Komedia Marwoto Kawer mengisi pembukaan Ngayogjazz 2019 di Dusun Kwagon, Desa Sidorejo, Kecamatan Godean, Kabupaten Sleman, 16 November 2019. IDN Times/Pito Agustin Rudiana
Beruntung, ada komedian Marwoto Kawer di atas panggung. Meski ikut berduka, monolog ringkasnya yang ditampilkan dalam pembukaan mampu membuat penonton tertawa. Dalam monolog itu, Marwoto mengisahkan suasana menjelang Sumpah Pemuda pada 28 Oktober 1928 dirumuskan.
Dan bukan Marwoto namanya, jika sejarah serius itu bisa diotak-atik menjadi acara yang menghibur. Sembari mendekap wadah biola, Marwoto membanyol dirinya mendapat warisan biola itu dari pencipta lagu kebangsaan Indonesia Raya, Wage Rudolf Supratman.

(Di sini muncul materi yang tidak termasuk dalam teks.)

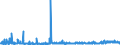CN 3910 /Exports /Unit = Prices (Euro/ton) /Partner: Algeria /Reporter: Eur27_2020 /3910:Silicones in Primary Forms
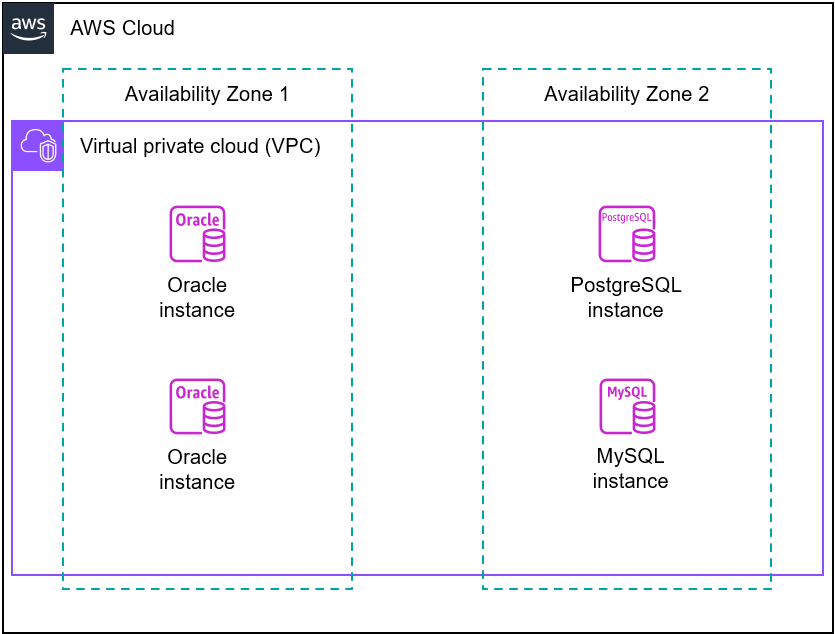 Mostra un VPC che si estende su due zone di disponibilità. Ogni AZ ospita due istanze DB.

Ia juga mengisahkan suasana rapat dari sejumlah pemuda perwakilan wilayah yang dipelesetkan dengan nama-nama sungai. Jong Code (pemuda dari Code), Jong Citarum, Jong Kapuas, Jong Mahakam, dan seterusnya.
Sebelum membacakan teks Sumpah Pemuda, Marwoto pun berpidato dengan bahasa campur aduk Indonesia-Jawa. Di sampingnya, selembar gambar kartun tentang profil Djaduk dipajang.
“Pidato-pidato yang melelahkan dan tidak jelas dalam kerapatan tadi diteruskan, ditimbang tanpa timbangan. Segala isi pidato dan pembicaraan yang pating clebung yang sering putus-putus karena putus nyambung. Putus nyambung karena tidak ada atau tidak dapat yang baru…,” kata Marwoto mengundang geeer penonton.
Mereka saling melempar celetukan atas banyolan komedian Yogyakarta itu.
“Iki usule Mas Djaduk (ini usulnya Mas Djaduk),” kata Marwoto mengklarifikasi. Lagi-lagi penontonton tertawa. Akhirnya mereka tahu, Djaduk penggagasnya.